V.  Coordination and Collaboration with and a High Degree of Involvement by the Private Bar

           The TBA has created an Access to Justice Committee (ATJ) to perform and expand on the functions of its Pro Bono Committee. Here is another area in which the breadth of the EJC proposed membership will be beneficial, and merging the two might be worth considering. In any event, we hope that the two committees will collaborate on PAI activation, first examining how PAI can address existing inequalities in access to legal services, including areas of representation as well as rural and other client communities where private bar engagement is minimal. Here, as in other aspects of state planning, improving opportunities to meet the civil legal needs of poor people is the primary objective.

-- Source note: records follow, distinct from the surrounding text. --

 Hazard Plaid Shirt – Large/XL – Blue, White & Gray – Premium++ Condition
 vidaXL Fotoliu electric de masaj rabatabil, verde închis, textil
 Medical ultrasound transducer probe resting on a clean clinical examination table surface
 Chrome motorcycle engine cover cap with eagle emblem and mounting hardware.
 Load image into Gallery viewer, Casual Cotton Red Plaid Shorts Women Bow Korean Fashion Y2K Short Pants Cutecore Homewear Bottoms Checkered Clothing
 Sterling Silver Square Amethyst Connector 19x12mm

VI.  Diversified Funding and Coordination of Resource Development Efforts

           LSC programs in Tennessee have obtained funding from a variety of state, federal and private sources to improve and sustain their work in the state. This is commendable and has allowed programs to engage in impressive and important activities. Tennessee has been a leader in pursuing legislatively mandated filing fee funds and other state-legislated fees. We applaud your recent success in securing an increase on parking and traffic offenses, and are excited about the expanded services these additional revenues will provide for clients in need. We also note your efforts to obtain cy pres awards and to secure targeted special purpose grants, such as the grant to establish a statewide hotline for elderly clients (though we have continuing concerns about the lack of centralized resource development and administrative coordinating capacity).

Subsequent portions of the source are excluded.